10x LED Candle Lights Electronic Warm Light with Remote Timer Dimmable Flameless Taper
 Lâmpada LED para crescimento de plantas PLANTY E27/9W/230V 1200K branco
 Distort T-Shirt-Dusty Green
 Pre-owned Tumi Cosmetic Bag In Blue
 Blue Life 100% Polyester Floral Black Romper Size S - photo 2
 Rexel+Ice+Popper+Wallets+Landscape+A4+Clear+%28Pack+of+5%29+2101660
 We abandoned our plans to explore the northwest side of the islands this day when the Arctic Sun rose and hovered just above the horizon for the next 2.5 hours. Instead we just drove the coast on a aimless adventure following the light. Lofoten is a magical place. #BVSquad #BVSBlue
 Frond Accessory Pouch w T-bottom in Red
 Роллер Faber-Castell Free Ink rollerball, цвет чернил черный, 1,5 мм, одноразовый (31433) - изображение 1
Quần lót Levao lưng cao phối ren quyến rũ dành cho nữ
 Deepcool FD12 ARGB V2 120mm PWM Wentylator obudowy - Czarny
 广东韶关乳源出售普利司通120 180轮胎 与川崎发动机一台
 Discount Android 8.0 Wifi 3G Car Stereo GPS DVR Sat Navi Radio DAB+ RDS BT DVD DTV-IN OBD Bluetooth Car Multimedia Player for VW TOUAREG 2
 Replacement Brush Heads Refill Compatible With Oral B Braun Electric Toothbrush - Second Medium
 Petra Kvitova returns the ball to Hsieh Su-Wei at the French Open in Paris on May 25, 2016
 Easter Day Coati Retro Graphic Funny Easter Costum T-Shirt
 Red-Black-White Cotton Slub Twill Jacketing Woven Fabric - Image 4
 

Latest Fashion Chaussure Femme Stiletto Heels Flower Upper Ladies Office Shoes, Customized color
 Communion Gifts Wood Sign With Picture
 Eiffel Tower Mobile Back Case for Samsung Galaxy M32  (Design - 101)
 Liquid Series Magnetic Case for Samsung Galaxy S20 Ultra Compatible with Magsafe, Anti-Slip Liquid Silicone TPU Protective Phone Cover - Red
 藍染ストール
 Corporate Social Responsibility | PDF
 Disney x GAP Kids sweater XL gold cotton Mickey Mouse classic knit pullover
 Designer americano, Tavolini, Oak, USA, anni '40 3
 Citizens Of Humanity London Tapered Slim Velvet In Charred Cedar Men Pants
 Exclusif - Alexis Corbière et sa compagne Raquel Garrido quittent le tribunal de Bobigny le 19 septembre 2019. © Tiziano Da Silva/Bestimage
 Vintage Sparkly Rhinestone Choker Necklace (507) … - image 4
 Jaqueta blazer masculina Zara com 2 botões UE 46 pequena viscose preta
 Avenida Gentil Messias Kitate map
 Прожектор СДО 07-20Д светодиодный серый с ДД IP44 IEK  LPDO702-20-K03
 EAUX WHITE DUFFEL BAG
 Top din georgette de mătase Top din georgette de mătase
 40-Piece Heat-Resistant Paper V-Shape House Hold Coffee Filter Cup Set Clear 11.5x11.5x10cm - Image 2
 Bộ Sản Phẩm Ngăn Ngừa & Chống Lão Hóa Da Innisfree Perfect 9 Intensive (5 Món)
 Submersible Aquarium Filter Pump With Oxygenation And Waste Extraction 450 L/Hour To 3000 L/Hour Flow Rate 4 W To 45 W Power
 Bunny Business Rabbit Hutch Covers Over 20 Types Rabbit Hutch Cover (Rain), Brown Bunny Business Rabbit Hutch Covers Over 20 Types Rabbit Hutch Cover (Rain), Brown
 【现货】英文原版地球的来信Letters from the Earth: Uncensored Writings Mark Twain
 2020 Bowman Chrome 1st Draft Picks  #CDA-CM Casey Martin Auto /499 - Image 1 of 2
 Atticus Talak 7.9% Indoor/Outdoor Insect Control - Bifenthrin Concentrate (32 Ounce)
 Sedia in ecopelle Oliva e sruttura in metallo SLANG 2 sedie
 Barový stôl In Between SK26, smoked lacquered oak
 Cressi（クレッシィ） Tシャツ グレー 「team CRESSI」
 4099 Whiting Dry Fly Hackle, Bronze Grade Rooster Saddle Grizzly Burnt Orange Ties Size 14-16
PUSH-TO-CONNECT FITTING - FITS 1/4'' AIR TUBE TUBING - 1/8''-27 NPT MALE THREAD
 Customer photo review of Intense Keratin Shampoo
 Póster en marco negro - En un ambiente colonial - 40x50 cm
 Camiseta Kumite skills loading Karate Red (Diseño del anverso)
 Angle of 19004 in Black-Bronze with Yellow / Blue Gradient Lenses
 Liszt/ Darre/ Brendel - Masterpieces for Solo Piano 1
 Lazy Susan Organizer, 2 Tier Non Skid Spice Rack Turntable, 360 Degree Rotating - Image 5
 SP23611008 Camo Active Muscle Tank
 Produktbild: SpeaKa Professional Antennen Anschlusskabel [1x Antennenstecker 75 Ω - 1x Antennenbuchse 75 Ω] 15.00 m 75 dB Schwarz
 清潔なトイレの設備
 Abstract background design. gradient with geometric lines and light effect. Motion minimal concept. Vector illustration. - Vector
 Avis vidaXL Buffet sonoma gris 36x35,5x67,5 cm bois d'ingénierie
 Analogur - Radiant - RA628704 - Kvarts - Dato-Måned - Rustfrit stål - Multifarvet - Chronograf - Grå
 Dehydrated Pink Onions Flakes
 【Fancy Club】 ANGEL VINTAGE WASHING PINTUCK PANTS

**Task details:** A verbatim transcription is needed of the lines above, starting at the line with "Vintage Sparkly Rhinestone" and ending at the line with "Cressi（クレッシィ） Tシャツ グレー 「team CRESSI」", both included, and of nothing else.

**Task response:**
 Vintage Sparkly Rhinestone Choker Necklace (507) … - image 4
 Jaqueta blazer masculina Zara com 2 botões UE 46 pequena viscose preta
 Avenida Gentil Messias Kitate map
 Прожектор СДО 07-20Д светодиодный серый с ДД IP44 IEK  LPDO702-20-K03
 EAUX WHITE DUFFEL BAG
 Top din georgette de mătase Top din georgette de mătase
 40-Piece Heat-Resistant Paper V-Shape House Hold Coffee Filter Cup Set Clear 11.5x11.5x10cm - Image 2
 Bộ Sản Phẩm Ngăn Ngừa & Chống Lão Hóa Da Innisfree Perfect 9 Intensive (5 Món)
 Submersible Aquarium Filter Pump With Oxygenation And Waste Extraction 450 L/Hour To 3000 L/Hour Flow Rate 4 W To 45 W Power
 Bunny Business Rabbit Hutch Covers Over 20 Types Rabbit Hutch Cover (Rain), Brown Bunny Business Rabbit Hutch Covers Over 20 Types Rabbit Hutch Cover (Rain), Brown
 【现货】英文原版地球的来信Letters from the Earth: Uncensored Writings Mark Twain
 2020 Bowman Chrome 1st Draft Picks  #CDA-CM Casey Martin Auto /499 - Image 1 of 2
 Atticus Talak 7.9% Indoor/Outdoor Insect Control - Bifenthrin Concentrate (32 Ounce)
 Sedia in ecopelle Oliva e sruttura in metallo SLANG 2 sedie
 Barový stôl In Between SK26, smoked lacquered oak
 Cressi（クレッシィ） Tシャツ グレー 「team CRESSI」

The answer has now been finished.